C’est un bras de fer judiciaire aux répercussions potentiellement mondiales qui s’engage en Californie. Un jury populaire de la Cour supérieure de Los Angeles est désormais chargé de trancher une question fondamentale pour l’avenir numérique : les géants des réseaux sociaux conçoivent-ils délibérément leurs plateformes pour rendre les jeunes utilisateurs dépendants ? Ce procès, qui pourrait durer plusieurs mois, oppose des familles de victimes aux mastodontes de la Silicon Valley, avec au centre des débats, la santé mentale des adolescents.
L’affaire repose initialement sur la plainte d’une jeune Californienne de 19 ans, identifiée sous les initiales « K.G.M. ». Son dossier, sélectionné comme cas représentatif parmi des centaines d’autres procédures similaires à travers le pays, vise directement les groupes ByteDance (propriétaire de TikTok), Meta (maison mère d’Instagram et Facebook) et Alphabet (YouTube). Selon les informations rapportées par l’agence Anadolu, les plaignants accusent ces entreprises d’avoir structuré leurs interfaces et leurs algorithmes dans un but précis : maximiser le temps d’écran et les revenus publicitaires, au mépris de l’équilibre psychologique des mineurs.
La particularité de ce dossier réside dans la stratégie juridique adoptée par l’accusation. Conscients que la section 230 de la loi américaine sur la décence des communications protège largement les plateformes quant aux contenus diffusés par des tiers, les avocats des familles ne s’attaquent pas aux vidéos elles-mêmes. L’angle d’attaque cible la conception technique des services. L’argument central est que l’architecture même des applications a été pensée pour contourner le libre arbitre des jeunes utilisateurs, créant une addiction mécanique indépendante du contenu visionné.

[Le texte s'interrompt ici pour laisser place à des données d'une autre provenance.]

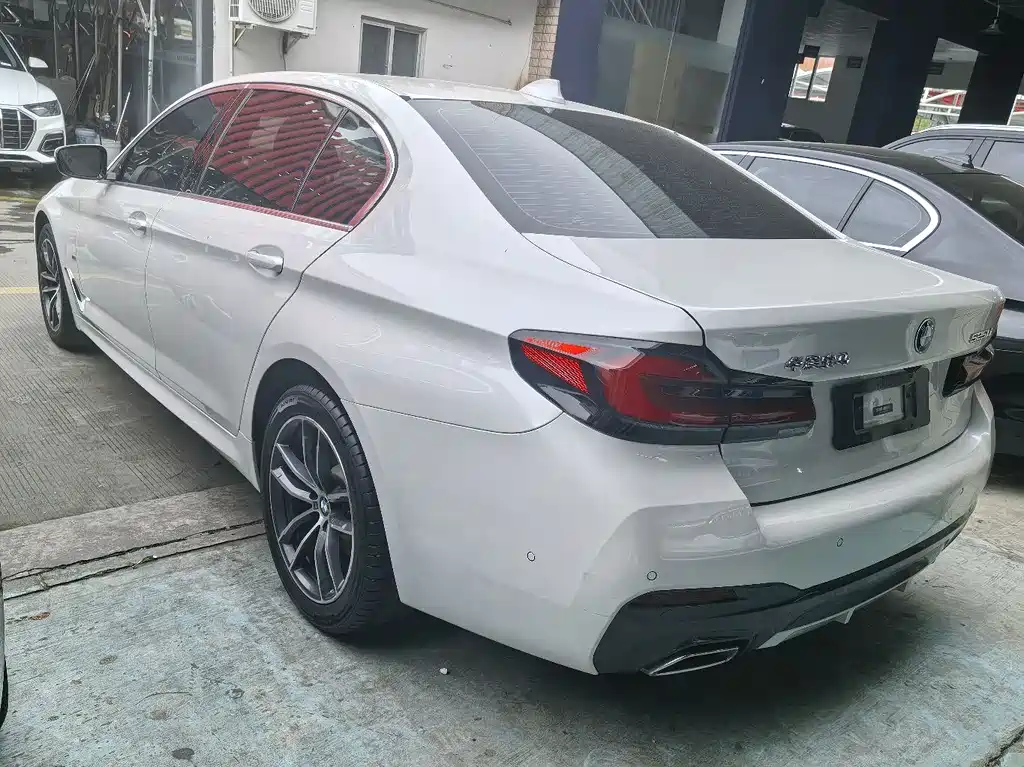 BMW 5 Series 2021 — фото 11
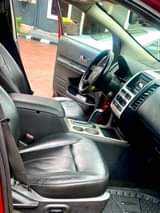A picture of Owner in need of cash Ford edge use by a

Alors que des dirigeants de premier plan pourraient être appelés à témoigner, l’un des acteurs majeurs du secteur a déjà choisi d’éviter l’affrontement public. L’éditeur de Snapchat, Snap Inc., initialement visé par les poursuites, a conclu un accord amiable confidentiel avant l’ouverture des débats, bien qu’il reste concerné par d’autres procédures judiciaires en cours.
Ce procès s’inscrit dans un mouvement de fond aux États-Unis, où plusieurs États ont engagé des actions contre les plateformes, notamment pour l’exposition des mineurs à des prédateurs sexuels. Une juge fédérale d’Oakland envisage d’ailleurs de regrouper ces plaintes en une action de portée nationale à l’horizon 2026. Cette préoccupation traverse l’Atlantique : en France, l’Assemblée nationale doit se pencher dès ce lundi sur une proposition de loi visant à restreindre l’accès des mineurs aux réseaux sociaux, témoignant d’une prise de conscience globale des pouvoirs publics.